La saga Veverka, de la Bohême au Lot via Addis-Abeba
Retour aujourd'hui au château de Dolni Lukavice où Zoltan Duphénieux nous avait fait faire le tour du propriétaire. Cette fois-ci, c'est sa mère, Madame Veverka-Duphénieux, qui nous parle de l'histoire de la famille. Son grand-père, Ferdinand Veverka, était un homme d'Etat dont le rôle fut important dans la Première République tchécoslovaque. Certains disent même qu'il aurait pu devenir président après Masaryk à la place de Benes.
« La décision de partir a été prise très, très vite. En 1948, on est venu les avertir qu'il y avait un trou à la fontière et qu'ils pourraient en profiter tel jour à telle heure. Ils ont pris leurs papiers et manteaux et sont partis. Il y avait effectivement un trou dans le grillage entre la Tchécoslovaquie et le camp américain en Allemagne. Il y a eu des perturbations, une heure, et ils ont vu arriver le bulldozer qui devait combler le trou avec les militaires qui leur ont tiré dessus. Mais ils sont quand même arrivés de l'autre côté et les Américains les ont récupérés. »
Pour aller où ensuite ?
« Ils ont restés quelques temps dans ce camp, après ils sont allés à Paris où mon grand-père avait étudié, et de là ils sont partis en Ethiopie... Parce que mon grand-père avait connu à la SDN l'empereur d'Ethiopie, Hailé Sélassié, qui l'apréciait énormément et qui lui a offert d'être son conseiller privé en politique étrangère. Donc on a passé douze ans là-bas. Et on est parti lorsque les communistes, à nouveau, ont fait leur putsch (rires)... »Aidés par les Soviétiques à nouveau...
« Oui, ils étaient installés. Mon grand-père avait fait un dossier pour l'empereur en lui disant qu'il y avait danger. Et il y avait un Russe qui était à Prague avant 1948 et qui était en Ethiopie à ce moment-là aussi. A Prague, il avait dit à ma mère qu'il valait mieux partir, et en Ethiopie même chose, il lui a dit 'peut-être que vous devriez partir d'ici aussi'... »Où est-ce que ça vous a menés ?
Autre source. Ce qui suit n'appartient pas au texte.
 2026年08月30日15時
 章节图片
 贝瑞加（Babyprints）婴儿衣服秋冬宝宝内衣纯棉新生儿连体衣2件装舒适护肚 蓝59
« Nous aurions dû nous installer en Angleterre, mais il y a eu quelques problèmes de nature économique. Nous étions à Paris, ils ont regardé les agences immobilières et on a trouvé quelque chose dans le sud de la France, dans le Lot. »
La décision de revenir en République tchèque s'est prise quand ?
« C'est mon père qui a commencé les restitutions, et dès que j'ai pu après la révolution de velours, je suis venue. J'ai eu envie de venir et je me sentais très bien, je sens partout mes grands-parents ici. Mon grand-père est disparu au début des années 1980, il avait 94 ans. »
Votre fils m'a dit que vous cherchiez des financements pour restaurer le château, quel est votre objectif ?
« Des réparations ont déjà commencé, j'ai fait des demandes au ministère de la Culture. Pendant 3-4 ans on a eu des subventions. L'idée est toujours de continuer, on est toujours à regarder s'il n'y a pas de fuites, il y a beaucoup d'entretien. Et puis on rêve, on a plein d'idées mais c'est un travail de longue haleine parce qu'on cherche tous à avoir des subventions européennes. Je souhaite garder dans le château un côté intime tout en l'arrangeant pour qu'il y ait des événements. Il y a le festival Haydn, bien sûr, qui a lieu une fois par an et je crois que d'ici trois ans on va faire l'ouverture ici et peut-être la cloture. Et après trouver des moyens de financer, peut-être faire des mariages ou des congrès par exemple. J'aurais bien aimé avoir un golf ici, mais tous les prés ont été confisqués... »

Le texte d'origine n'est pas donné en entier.